The Cast Confesses Secrets From The Set: (7:13) HD Sorry. No secrets revealed here. It’s really just a big love fest where everyone compliments everyone else for nearly 8 minutes.
Inside The Vault – The Weapons: (8:28) HD What would a Boondocks Saints film be without all of that firepower? Here’s a look at the film’s arsenal.
The Boondock Saints Hit Comic Con: (57:02 HD The cast and crew spend the day at San Diego’s Comic Con. The piece has plenty of behind the scenes footage of them at the event and a Q&A session held at the event.
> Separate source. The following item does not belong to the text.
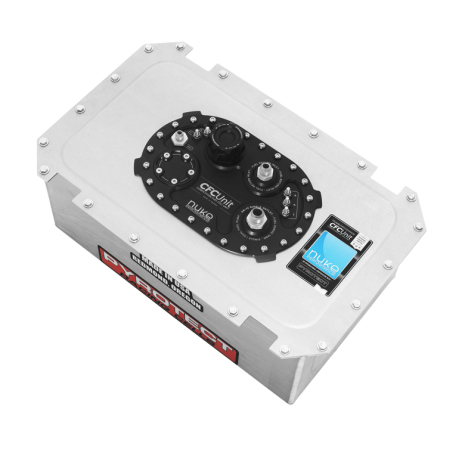 55L Pyrotect Elite Fuel Cell with CFC Unit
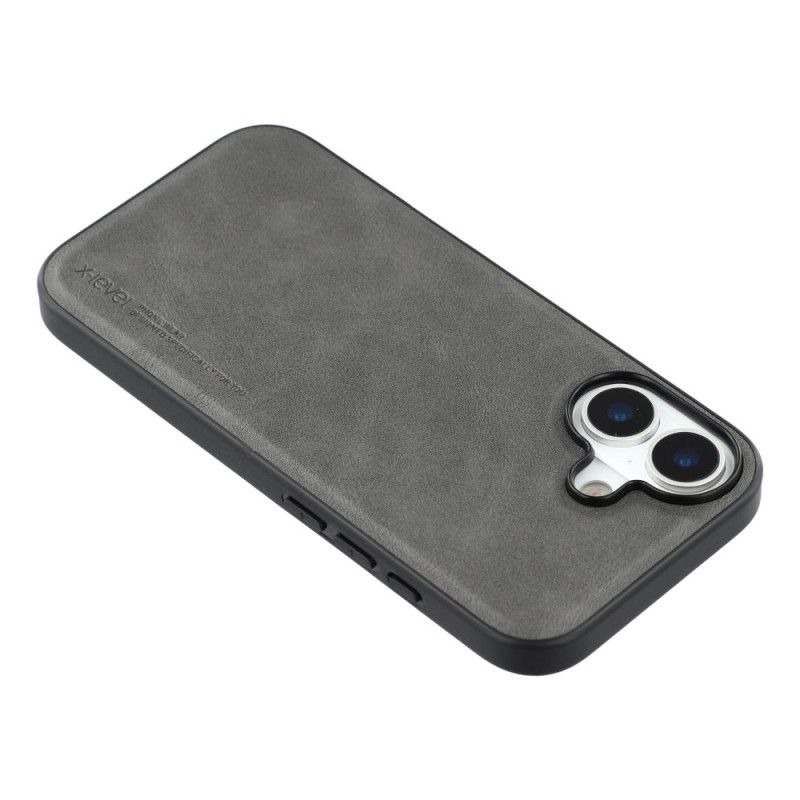 Cover iPhone 17 Telefon Etui Bojue-3-serien X-level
After 10 years of “will they or won’t they” talk, gossip, and insider talk, a film that barely cleared 30 grand at the box office gets a $8 million sequel. How could that happen, you might ask. It doesn’t, is the stock answer. But Boondock Saints was no ordinary movie. Unfortunately, history repeated itself, and this film also tanked at the box. But this one didn’t fall quite so hard. It actually made a couple of bucks. $2 million to be exact. Is that enough to bring the Saints back for more? Give it about 10 years, and let’s see what happens. You see, Troy Duffy had this plan. It took a little over 10 years to work out. It was a little plan as plans go, I suppose. “Only one problem with this little plan … it worked.”